● DATA TO PROCESS:
......

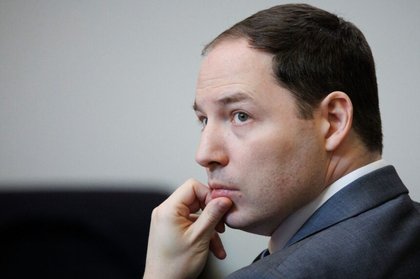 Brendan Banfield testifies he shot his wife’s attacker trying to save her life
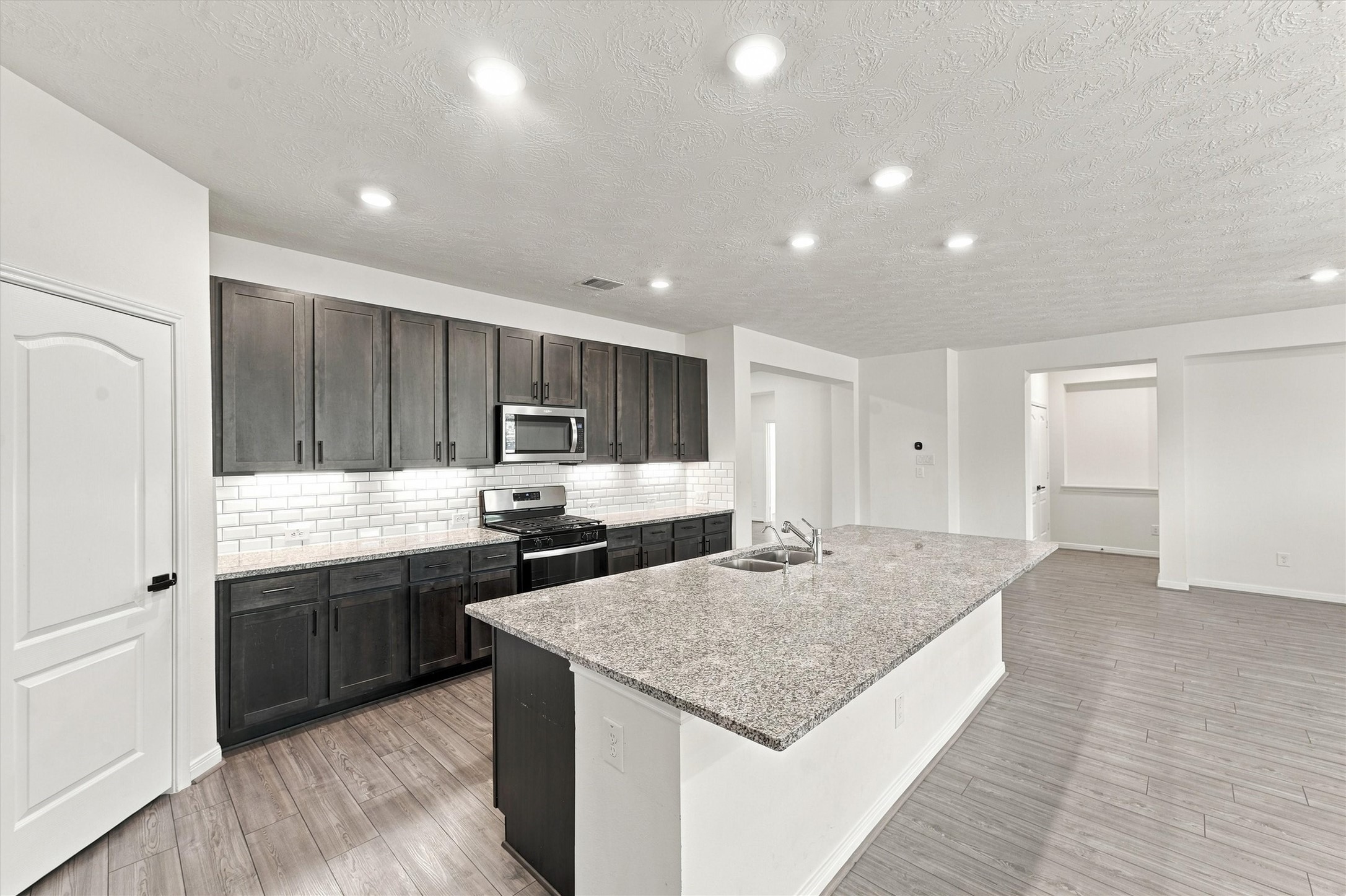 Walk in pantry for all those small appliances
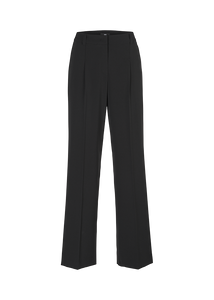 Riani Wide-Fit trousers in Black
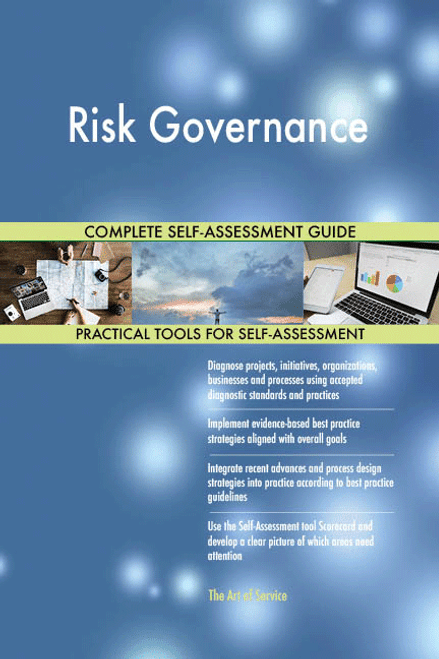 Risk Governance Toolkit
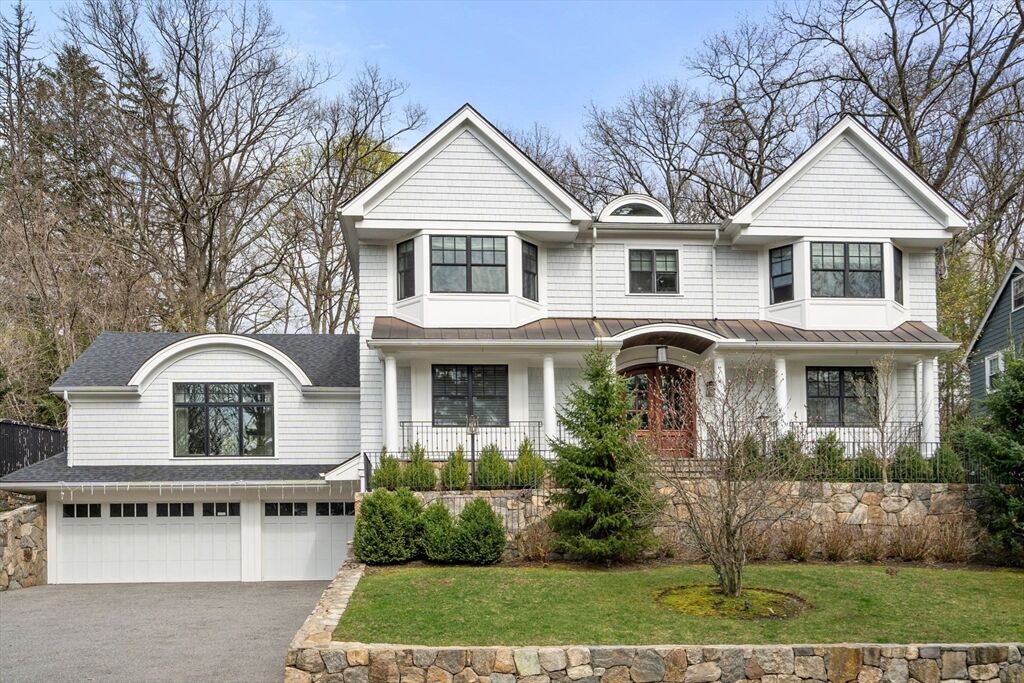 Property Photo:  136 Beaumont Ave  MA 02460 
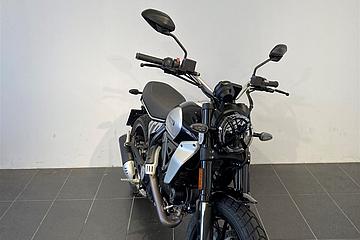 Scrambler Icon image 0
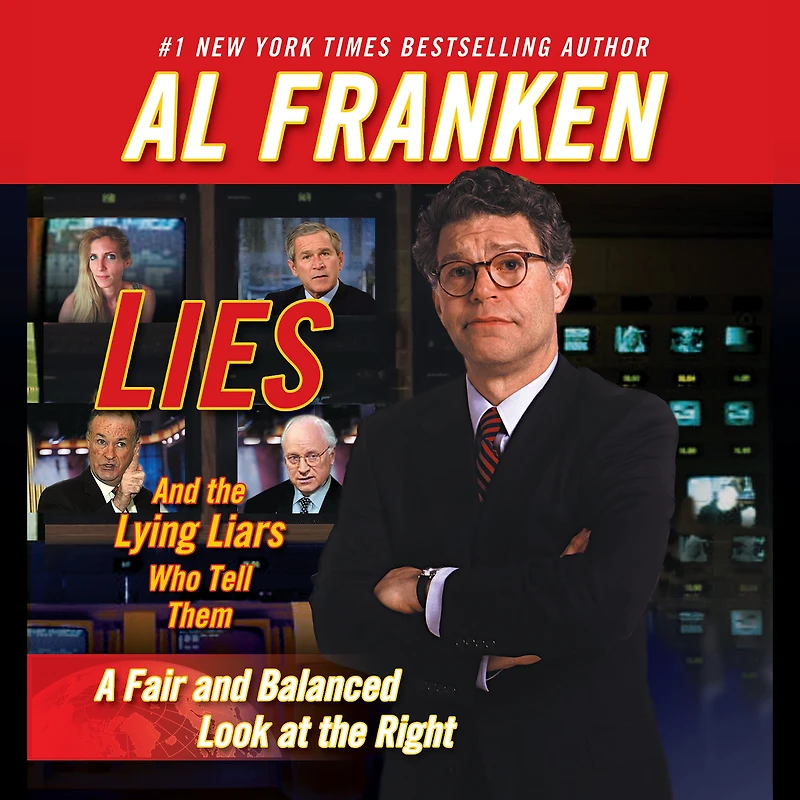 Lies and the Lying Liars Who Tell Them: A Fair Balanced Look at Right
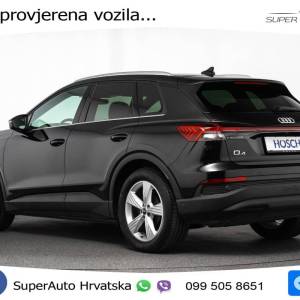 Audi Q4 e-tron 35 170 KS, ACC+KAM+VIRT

......

● TASK REQUIREMENTS:
Only an exact copy belongs in the answer: the lines from the one containing "Lies and the" through the end of the records, both ends included, minus the pictures.

● YOUR RESPONSE:
 Lies and the Lying Liars Who Tell Them: A Fair Balanced Look at Right
 Audi Q4 e-tron 35 170 KS, ACC+KAM+VIRT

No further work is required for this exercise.